What this task involves
Look for the line containing "M249 SAW Body Shroud (A5)" and the line containing "2026 Honda Ridgeline Image: 7" in the entries below. Copy those two and all lines between them exactly, leaving out pictures.

Exercise inputs
------------
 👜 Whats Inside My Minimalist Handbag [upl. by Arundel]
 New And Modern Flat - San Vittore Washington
------------
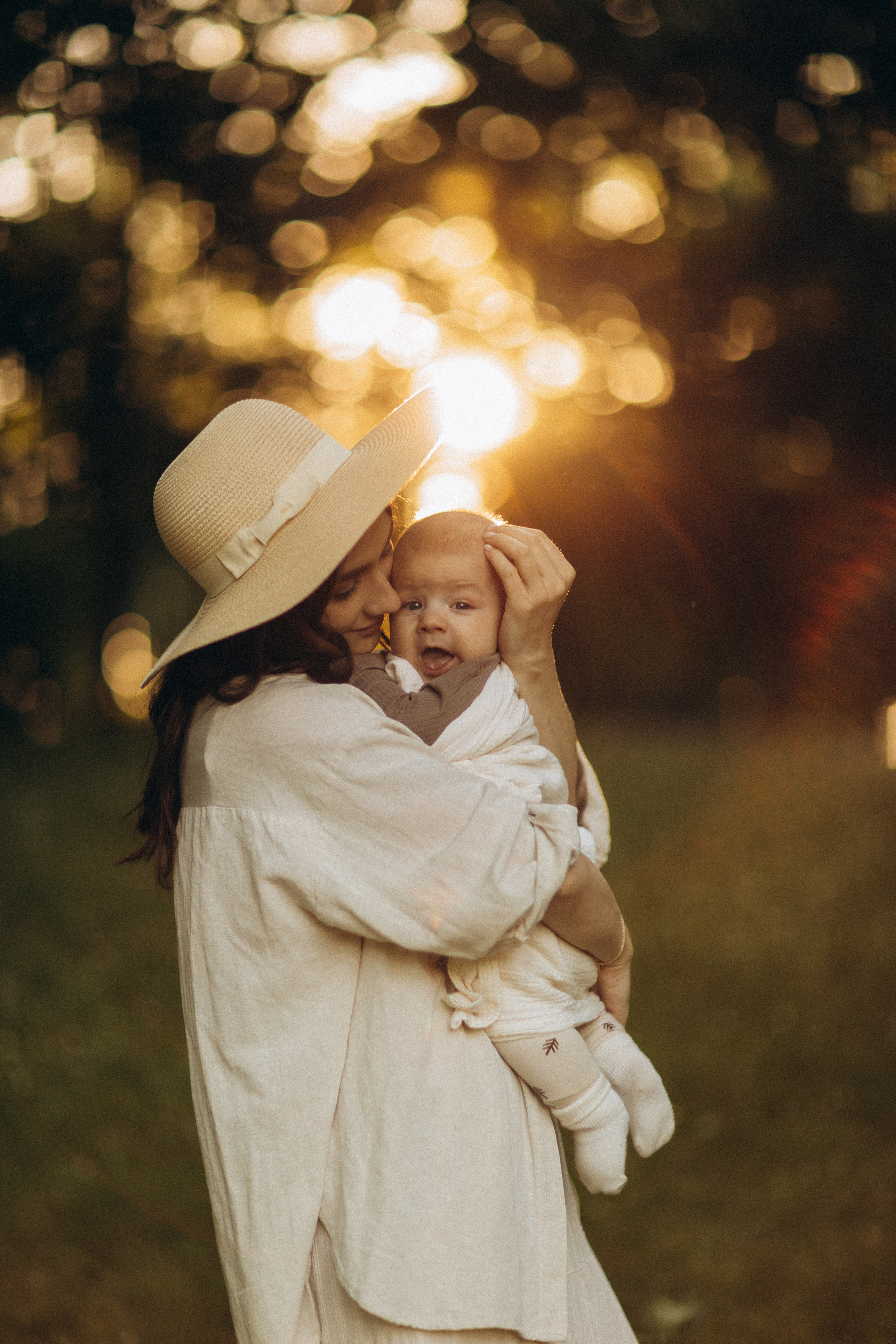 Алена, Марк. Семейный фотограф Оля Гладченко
------------
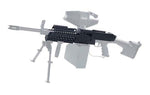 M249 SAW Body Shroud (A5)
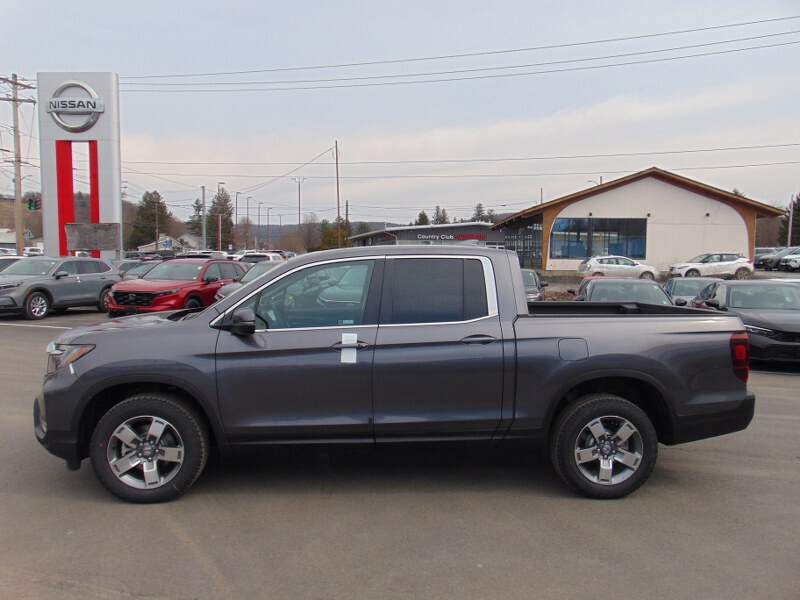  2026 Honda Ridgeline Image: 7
------------
Your response
 M249 SAW Body Shroud (A5)
  2026 Honda Ridgeline Image: 7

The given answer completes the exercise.